The weather outside is clear, so it’s not a storm. The landscape looks dry, almost deserty. It must be winds. We settle back down, but the plane doesn’t descend. For the next hour, we fly, turning, turning, turning, SHAKE, DIP, turn, turn, turn, RUMBLE. The capitan announces after about 30 minutes that we are being held for landing, which seems strange to me because this is a tiny airport, so it isn’t congestion. It must not be safe to land.
Turkish air has overcome a history of accidents and aircraft problems that gave it a terrible reputation in the 70s to become one of the world’s top airlines. I admit the idea crosses my mind that they might not make the right choices in getting us to the ground, but I’m not much of a worrier. Lily sleeps, which is amazing since she has panic attacks. Emma reminds us that the flight she, Emma and Trish were on in Tanzania was MUCH worse.
My fears are reassured then amplified when we make an approach, get within 500 feet of the ground and abort the landing, shooting fast and high in the sky shaking and plunging with the updrafts and crosswinds. One never knows when an aborted landing happens if smart decisions are being made.
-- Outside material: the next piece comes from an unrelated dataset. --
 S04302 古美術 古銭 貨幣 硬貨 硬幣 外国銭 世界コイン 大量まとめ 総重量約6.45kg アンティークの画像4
Most likely they are. But that’s hard to remember that inside the aircraft where things are now getting worse. The Japanese, getting no information whatsoever and panicking, are also getting sick and vomiting.
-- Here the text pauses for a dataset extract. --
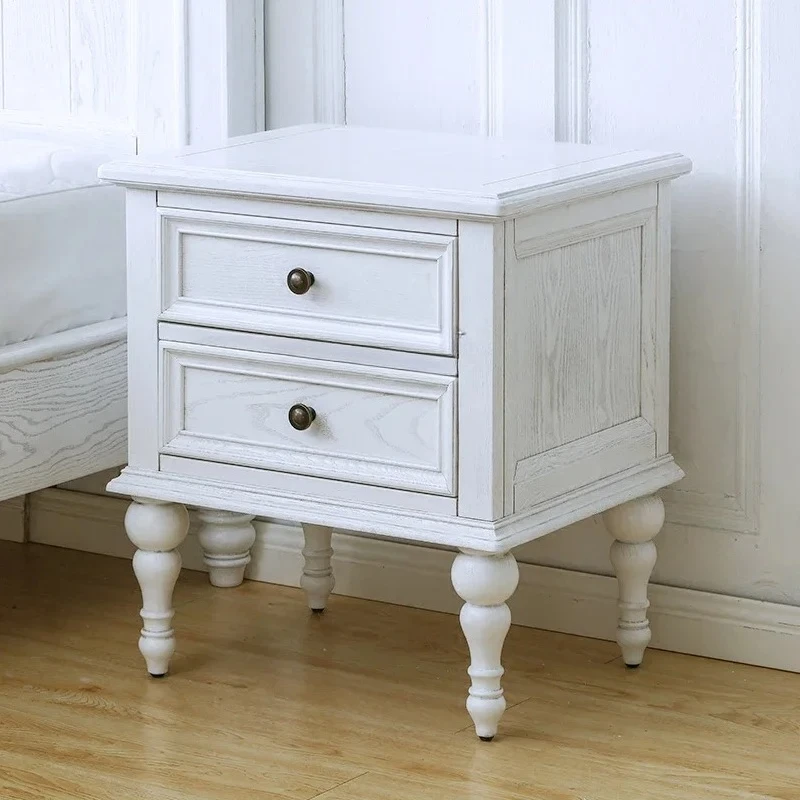 American Ivory White Roman Column Double Drawer Bedside Table Solid Wood Bedroom Furniture Bedside Cabinet Ash Wood
American Ivory White Roman Column Double Drawer Bedside Table Solid Wood Bedroom Furniture Bedside Cabinet Ash Wood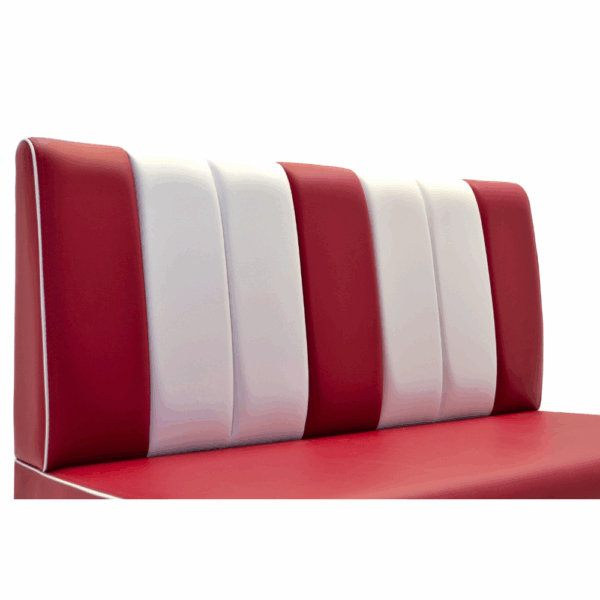 Banquette Gastro Americano Retro | Banquette de dîner rouge & blanc | 200 cm de large | Banquette américaine – Image 4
Some of them get up from their seats an approach the strapped in attendants yelling Japanese and getting Turkish answers. The plane starts to smell of vomit, which makes more people vomit. Still no announcement or information… As we level off, people rush the bathrooms, one of which becomes a biohazard site. The attendants bring big garbage bags through the asile for the barf-bags. It’s really a mess.
The captain announces we are being diverted to another airport, and ‘The ground crew will assist you on the ground’ with no more detail. We land safely and every claps. The tiny airport we are sent to is actually closer to our destination Goreme (GUR-eh-meh) than our original destination was, and Amanda smartly finds someone to call our hotel so they can send us a shuttle.
Amanda is an amazing companion. She’s very good at getting help – she’s a little sweet (we tease her about her high pitched voice when she asks for things), a little demanding (we tease her about how she somehow always pushes to the front), and always very thankful to the people who help her. She’s had us practicing ‘Thank You’ in Turkish which is quite hard “Tesh-eh-KOOR YEH-der-ehm” the whole trip.
This day wasn’t supposed to be filled with so much adventure. It’s a transition day, and our simplest itinerary of the 10-day trip aside from the long international travel days to and from Turkey.
Our “Kosa” hotel in Goreme is, like most others, carved from the local rock. They call them cave hotels, which is technically true, but it’s It’s a man-made cave. Our rooms are fuly furnished with marble floors, beautiful sinks and furnishings. The hotel in Istanbul and Selcuk were fine, but this is luxurious. Amazingly it’s also the cheapest. We’re here in shoulder season with few other guests, and the Euro has plumetted so much that we pay only $80 a night.
The girls have a completely separate room, which they love. Amanda got me a room with a bathtub because I prefer baths, (so I can play with my submarine and rubber ducky, of course.) We drink some tea to warm up.
It’s cold here, even colder than Istanbul. We can see snow capped peaks in the distance as the sun starts to set. Sam, one of the brothers that runs the place, suggests that they will probably cancel the hot air baloon ride in the morning because of wind or snow. He points us to a peak on the other side of town that has nice views of the little cave town, and afterward we eat at a place that bakes their own bread. I eat a great sun dried tomato spread that I have to learn to make at home.
Fly or not, we get up at 4:30am to do the hot air balloon, so an early bedtime is smart. The wifi is so strong it’s tempting to stay up and write the blog and post pictures, but I’ll have to do that more tomorrow.